Microsoft Giant Software company Intel and Most Awarded Antivirus Security Protection Co McAfee have collaborated on a new browser plug-in and Facebook app called Social Protection that throws a thicker wall of privacy around your photos, while still allowing you to share them with friends.
While SPeaking with Brian Foster, senior vice president of consumer product management for McAfee, said the combo is intended to protect the digital content you own so that only your friends can see it. "The focus is on everyday use of Facebook, and how your digital content has ended up in the wrong places unintentionally," he said
It sounds great for the privacy-minded, but it won't be available until the end of August, and then only in public beta. It will work with Internet Explorer 8 and above, and Firefox 8 and Others
S VP Foster explained it as DRM for the photos you upload to Facebook. It requires a browser restart after installation, and then it pixelates photos you post to Facebook, and requires your friends to install it to restore them to normal. In final form, it will exist for free for people who just want to view photos.
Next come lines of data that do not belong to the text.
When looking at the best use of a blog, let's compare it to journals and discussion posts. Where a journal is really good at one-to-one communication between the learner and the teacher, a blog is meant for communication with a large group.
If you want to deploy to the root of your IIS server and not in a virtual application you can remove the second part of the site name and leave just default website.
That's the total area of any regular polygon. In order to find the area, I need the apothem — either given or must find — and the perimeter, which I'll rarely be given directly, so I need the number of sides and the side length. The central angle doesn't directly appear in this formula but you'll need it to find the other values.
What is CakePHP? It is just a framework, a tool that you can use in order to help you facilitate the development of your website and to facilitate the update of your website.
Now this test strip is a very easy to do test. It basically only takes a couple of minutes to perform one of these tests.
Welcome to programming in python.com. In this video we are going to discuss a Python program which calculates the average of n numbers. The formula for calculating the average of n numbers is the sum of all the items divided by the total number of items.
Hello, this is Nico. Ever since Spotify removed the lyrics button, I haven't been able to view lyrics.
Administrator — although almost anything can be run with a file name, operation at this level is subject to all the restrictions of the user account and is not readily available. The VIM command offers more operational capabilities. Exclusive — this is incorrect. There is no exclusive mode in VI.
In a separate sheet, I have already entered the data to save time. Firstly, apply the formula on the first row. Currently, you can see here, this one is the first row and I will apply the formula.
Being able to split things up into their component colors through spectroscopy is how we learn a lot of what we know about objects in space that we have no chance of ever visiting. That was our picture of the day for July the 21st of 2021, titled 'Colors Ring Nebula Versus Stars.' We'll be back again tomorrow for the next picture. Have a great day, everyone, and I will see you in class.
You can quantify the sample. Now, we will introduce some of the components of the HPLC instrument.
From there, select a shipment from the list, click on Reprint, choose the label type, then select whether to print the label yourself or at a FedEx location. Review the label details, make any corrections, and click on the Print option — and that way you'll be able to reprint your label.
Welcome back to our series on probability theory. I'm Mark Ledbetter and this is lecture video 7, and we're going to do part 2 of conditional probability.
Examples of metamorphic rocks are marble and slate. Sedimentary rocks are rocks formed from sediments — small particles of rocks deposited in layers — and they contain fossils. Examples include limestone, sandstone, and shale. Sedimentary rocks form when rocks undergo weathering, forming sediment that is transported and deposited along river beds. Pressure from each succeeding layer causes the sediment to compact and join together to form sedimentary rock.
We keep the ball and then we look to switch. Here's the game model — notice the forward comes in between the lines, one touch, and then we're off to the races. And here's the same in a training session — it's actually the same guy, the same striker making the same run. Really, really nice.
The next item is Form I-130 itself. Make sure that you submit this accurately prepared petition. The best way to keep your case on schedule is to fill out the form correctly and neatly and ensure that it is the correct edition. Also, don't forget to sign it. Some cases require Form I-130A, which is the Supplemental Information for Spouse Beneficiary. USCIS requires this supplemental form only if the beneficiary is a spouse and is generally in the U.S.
Foster said that McAfee hasn't decided whether it will charge for Social Protection or if it will become part of another, already-existing product.
McAfee is opening the product to the public as a free beta because the company is seeking user feedback, he said, and the company could change course based on what people think of Social Protection.
But one of the product's most interesting features won't be going live with the first public beta release: a facial recognition tool that can identify untagged photos of you. Once Social Protection finds such a photo, you'll be able to tag it and message your friend about the photo -- presumably so you can ask them to take it down. A third option lets you go nuclear and report it to Facebook.
Foster said that while Social Protection represents a substantial collaboration between Intel, McAfee's parent company, and McAfee itself, the app was mostly developed by Intel's software and services group in Argentina.